Thanks for the detailed response ☺ I will try the things you mentioned!

From: Daniel Darabos [mailto:daniel.dara...@lynxanalytics.com]
Sent: Friday, November 11, 2016 4:59 PM
To: Shreya Agarwal <shrey...@microsoft.com>
Cc: Felix Cheung <felixcheun...@hotmail.com>; user@spark.apache.org; Denny Lee 
<denny....@microsoft.com>
Subject: Re: Strongly Connected Components

Hi Shreya,
GraphFrames just calls the GraphX strongly connected components code. 
(https://github.com/graphframes/graphframes/blob/release-0.2.0/src/main/scala/org/graphframes/lib/StronglyConnectedComponents.scala#L51)

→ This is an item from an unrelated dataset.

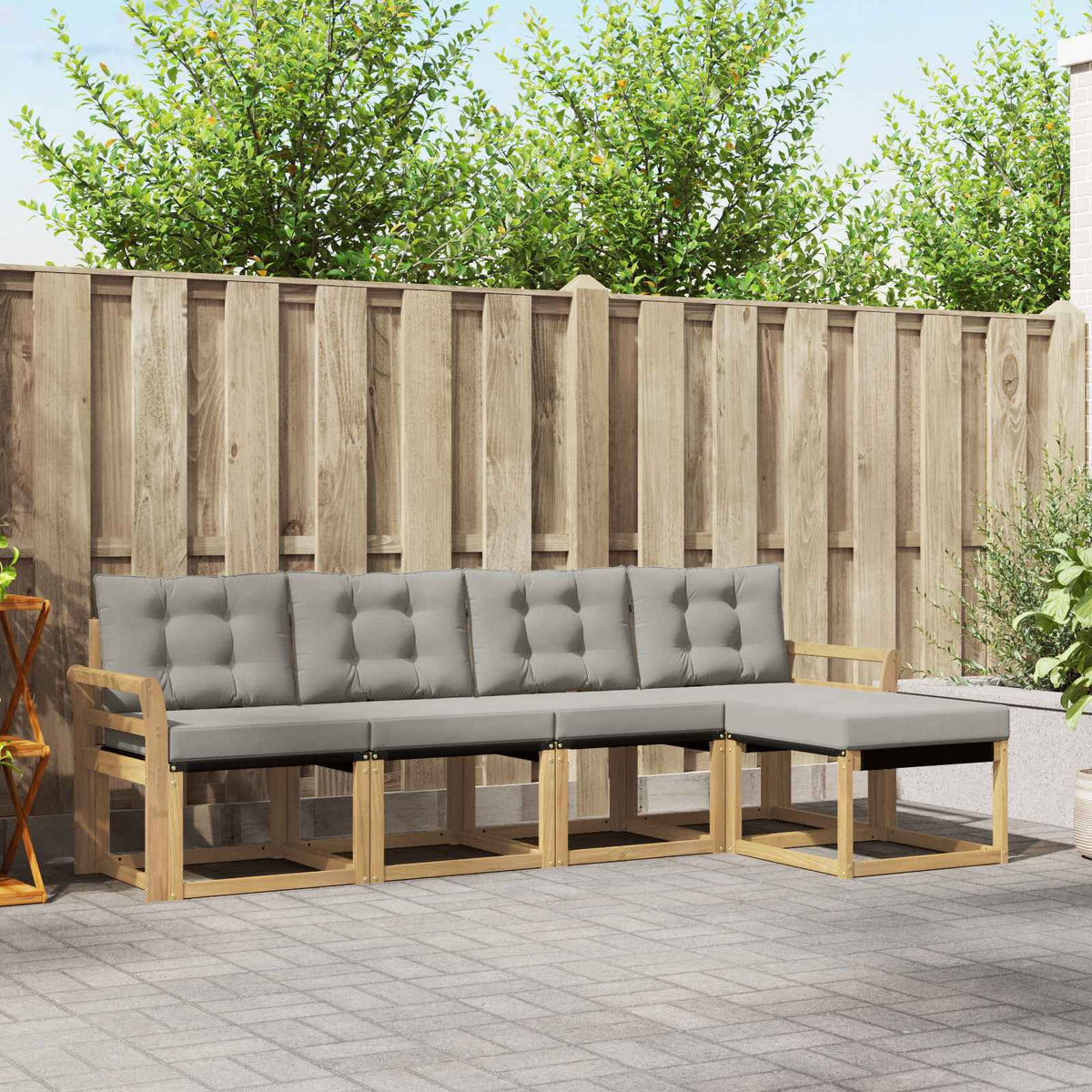 Buiten bankenset met kussen 5 pcs Wit en Lichtgrijs is nu te koop bij PeponiXL, paradijselijk wonen!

For choosing the number of iterations: If the number of iterations is less than 
the diameter of the graph, you may get an incorrect result. But running for 
more iterations than that buys you nothing. The algorithm is basically to 
broadcast your ID to all your neighbors in the first round, and then broadcast 
the smallest ID that you have seen so far in the next rounds. So with only 1 
round you will get a wrong result unless each vertex is connected to the vertex 
with the lowest ID in that component. (Unlikely in a real graph.)

See 
https://github.com/apache/spark/blob/v2.0.2/graphx/src/main/scala/org/apache/spark/graphx/lib/ConnectedComponents.scala
 for the actual implementation.

A better algorithm exists for this problem that only requires O(log(N)) 
iterations when N is the largest component diameter. (It is described in "A 
Model of Computation for MapReduce", 
http://www.sidsuri.com/Publications_files/mrc.pdf.) This outperforms GraphX's 
implementation immensely. (See the last slide of 
http://www.slideshare.net/SparkSummit/interactive-graph-analytics-daniel-darabos#33.)
 The large advantage is due to the lower number of necessary iterations.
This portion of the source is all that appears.